This article appeared on CBC.ca on November 9th, 2011.
Two economists predict the Bank of Canada will slash its benchmark interest rate from its current level of one per cent next year.
Bank of America economist Sheryl King said Wednesday she expects that the central bank will cut the rate to 0.25 per cent by early next year.
King, head of Canada economics at Bank of America’s offices in Toronto, cited the strains from Europe’s debt crisis.
And David Madani, Canadian economist at Capital Economics, predicted the bank will lower its rate to 0.5 per cent next year, perhaps in April or June.
Madani said the bank would act amid “rising fears about the outlook for the global economy and falling inflationary pressures.”

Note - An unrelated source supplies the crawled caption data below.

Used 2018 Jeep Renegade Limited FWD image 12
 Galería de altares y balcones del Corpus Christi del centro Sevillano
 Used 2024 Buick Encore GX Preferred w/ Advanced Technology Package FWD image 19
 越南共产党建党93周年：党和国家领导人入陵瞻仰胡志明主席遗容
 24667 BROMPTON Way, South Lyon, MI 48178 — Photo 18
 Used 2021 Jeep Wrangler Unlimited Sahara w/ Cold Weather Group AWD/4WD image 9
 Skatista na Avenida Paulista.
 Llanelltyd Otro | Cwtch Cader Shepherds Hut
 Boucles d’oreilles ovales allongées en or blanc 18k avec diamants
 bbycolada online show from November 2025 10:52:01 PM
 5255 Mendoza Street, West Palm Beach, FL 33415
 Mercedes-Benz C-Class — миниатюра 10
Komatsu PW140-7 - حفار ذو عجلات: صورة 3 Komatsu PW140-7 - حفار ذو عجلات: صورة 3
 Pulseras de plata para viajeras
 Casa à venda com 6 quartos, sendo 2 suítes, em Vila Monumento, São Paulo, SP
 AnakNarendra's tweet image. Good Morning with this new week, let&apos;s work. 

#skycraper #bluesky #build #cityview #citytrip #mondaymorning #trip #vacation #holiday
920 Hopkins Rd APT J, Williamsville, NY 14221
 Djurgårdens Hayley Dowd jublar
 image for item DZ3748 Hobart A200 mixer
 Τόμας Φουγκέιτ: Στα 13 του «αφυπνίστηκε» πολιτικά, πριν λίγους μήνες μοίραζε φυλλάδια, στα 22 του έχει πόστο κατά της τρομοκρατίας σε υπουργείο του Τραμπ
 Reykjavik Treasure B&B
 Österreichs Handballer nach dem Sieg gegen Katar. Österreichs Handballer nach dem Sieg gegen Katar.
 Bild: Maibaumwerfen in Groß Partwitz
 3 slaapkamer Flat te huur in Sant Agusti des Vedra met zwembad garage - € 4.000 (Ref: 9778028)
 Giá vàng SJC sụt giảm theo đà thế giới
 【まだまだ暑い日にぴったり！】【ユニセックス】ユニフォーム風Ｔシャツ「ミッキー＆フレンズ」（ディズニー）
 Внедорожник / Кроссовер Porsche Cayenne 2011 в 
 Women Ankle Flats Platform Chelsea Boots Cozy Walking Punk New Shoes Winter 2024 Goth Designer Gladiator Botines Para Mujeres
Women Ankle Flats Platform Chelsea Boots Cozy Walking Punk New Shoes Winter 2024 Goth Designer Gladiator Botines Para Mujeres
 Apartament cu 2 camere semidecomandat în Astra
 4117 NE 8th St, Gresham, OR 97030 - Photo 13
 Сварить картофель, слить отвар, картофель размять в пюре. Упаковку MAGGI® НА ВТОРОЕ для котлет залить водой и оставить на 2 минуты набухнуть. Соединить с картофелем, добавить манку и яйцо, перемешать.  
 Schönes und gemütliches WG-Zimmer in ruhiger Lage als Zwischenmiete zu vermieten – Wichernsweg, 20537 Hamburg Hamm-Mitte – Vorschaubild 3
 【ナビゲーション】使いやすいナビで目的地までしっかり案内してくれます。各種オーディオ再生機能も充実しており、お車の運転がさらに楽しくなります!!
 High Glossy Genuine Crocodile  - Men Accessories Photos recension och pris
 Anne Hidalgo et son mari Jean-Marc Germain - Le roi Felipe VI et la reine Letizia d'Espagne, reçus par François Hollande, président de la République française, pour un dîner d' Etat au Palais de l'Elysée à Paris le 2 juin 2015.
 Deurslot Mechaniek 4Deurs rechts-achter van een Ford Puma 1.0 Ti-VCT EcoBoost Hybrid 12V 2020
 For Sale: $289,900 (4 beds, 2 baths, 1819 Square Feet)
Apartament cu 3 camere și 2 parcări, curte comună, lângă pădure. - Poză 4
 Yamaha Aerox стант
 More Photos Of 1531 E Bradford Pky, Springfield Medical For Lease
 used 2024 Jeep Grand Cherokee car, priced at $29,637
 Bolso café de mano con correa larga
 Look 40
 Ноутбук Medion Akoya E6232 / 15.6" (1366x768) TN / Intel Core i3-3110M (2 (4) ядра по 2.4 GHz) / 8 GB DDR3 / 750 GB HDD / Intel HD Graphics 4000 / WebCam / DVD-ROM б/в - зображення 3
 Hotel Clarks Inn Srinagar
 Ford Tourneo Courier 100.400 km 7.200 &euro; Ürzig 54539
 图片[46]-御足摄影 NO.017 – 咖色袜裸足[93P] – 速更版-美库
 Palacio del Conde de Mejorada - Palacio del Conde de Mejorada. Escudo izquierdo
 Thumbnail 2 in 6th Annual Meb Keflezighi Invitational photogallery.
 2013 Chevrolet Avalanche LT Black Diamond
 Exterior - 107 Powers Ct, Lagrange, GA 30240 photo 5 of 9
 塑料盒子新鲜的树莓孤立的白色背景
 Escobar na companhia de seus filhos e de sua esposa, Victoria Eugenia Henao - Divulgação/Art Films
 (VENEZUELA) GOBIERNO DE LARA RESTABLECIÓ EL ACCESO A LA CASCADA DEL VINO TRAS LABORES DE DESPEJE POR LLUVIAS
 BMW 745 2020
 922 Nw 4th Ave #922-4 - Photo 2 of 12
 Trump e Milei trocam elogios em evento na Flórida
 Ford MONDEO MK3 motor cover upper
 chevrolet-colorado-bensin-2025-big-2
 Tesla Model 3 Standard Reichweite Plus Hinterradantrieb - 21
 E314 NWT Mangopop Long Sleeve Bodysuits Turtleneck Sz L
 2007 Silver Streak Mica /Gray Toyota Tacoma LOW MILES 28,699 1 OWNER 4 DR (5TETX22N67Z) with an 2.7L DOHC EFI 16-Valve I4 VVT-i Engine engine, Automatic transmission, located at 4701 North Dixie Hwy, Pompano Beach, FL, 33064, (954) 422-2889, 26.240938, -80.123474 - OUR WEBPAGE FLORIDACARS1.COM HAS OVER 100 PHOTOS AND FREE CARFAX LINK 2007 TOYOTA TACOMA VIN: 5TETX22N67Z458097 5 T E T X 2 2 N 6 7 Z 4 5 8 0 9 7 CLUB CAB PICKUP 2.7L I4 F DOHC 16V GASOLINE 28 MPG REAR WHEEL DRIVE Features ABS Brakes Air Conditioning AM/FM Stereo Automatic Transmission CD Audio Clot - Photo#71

He predicted that commodity prices would fall “sharply” next year and “somewhat further” in 2013 because of weak global demand, that a downturn in the U.S. would result in a drop in exports to Canada’s main trading partner and that housing prices here would slump.
On October 25, the bank announced for the ninth consecutive time that it was holding the rate at one per cent, where it has been since September 2010.
Madani also estimated Ottawa will take even longer to eliminate its $33 billion budget deficit.
Just yesterday, the government said it expected the budget would not come into balance for a year longer than its estimate in the spring.
It now expects the deficit to be gone by 2015.
The two economists’ predictions came the same day as interim Liberal Leader Bob Rae said that Finance Minister Jim Flaherty is downplaying the potential impact of Europe’s economic crisis on Canada.